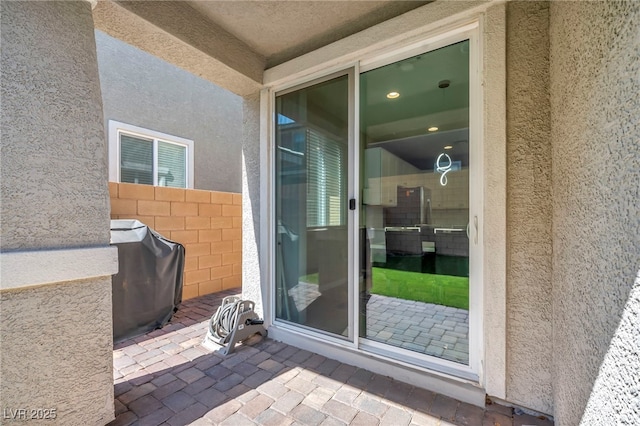 688 Monroe Hill Pl, Henderson, NV 89011 - doorway to property featuring stucco siding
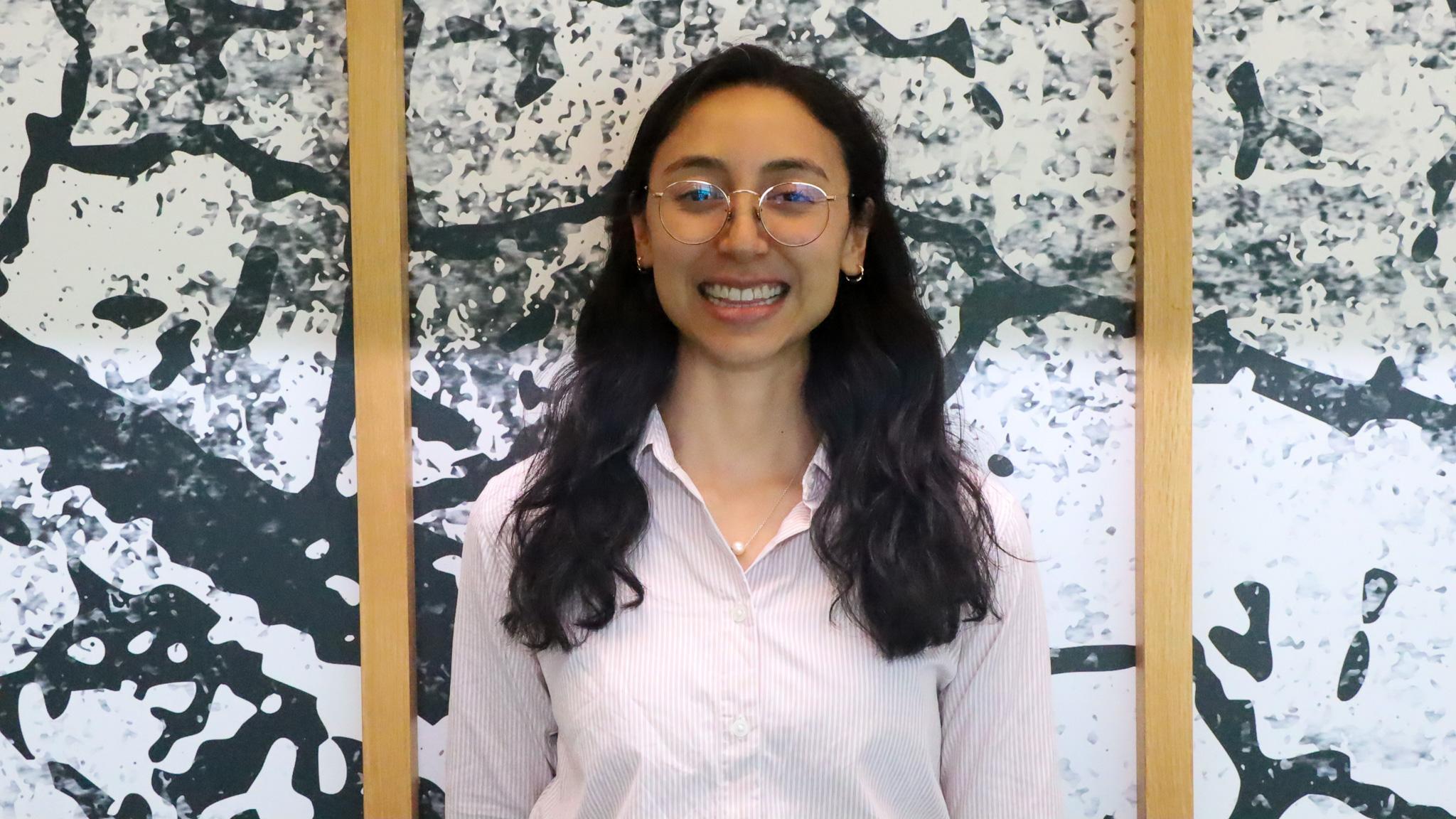 A smiling woman standing in front of a wall. The wall has a unique pattern and wood frames.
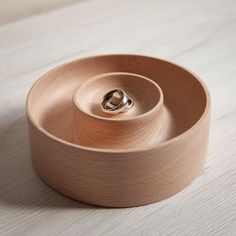 a wooden bowl sitting on top of a table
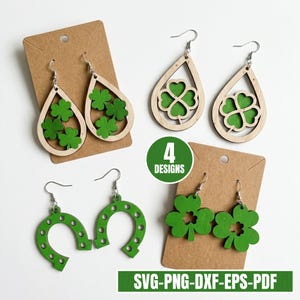 May include: Four pairs of St. Patrick's Day earrings in various designs. Two pairs feature green shamrocks, one pair is a green horseshoe, and the last pair has a shamrock design. The earrings are displayed on brown cardstock.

* * *

◆ **Task details**
Write every line above again exactly, but leave the pictures out.

◆ **Solution**
 688 Monroe Hill Pl, Henderson, NV 89011 - doorway to property featuring stucco siding
 A smiling woman standing in front of a wall. The wall has a unique pattern and wood frames.
 a wooden bowl sitting on top of a table
 May include: Four pairs of St. Patrick's Day earrings in various designs. Two pairs feature green shamrocks, one pair is a green horseshoe, and the last pair has a shamrock design. The earrings are displayed on brown cardstock.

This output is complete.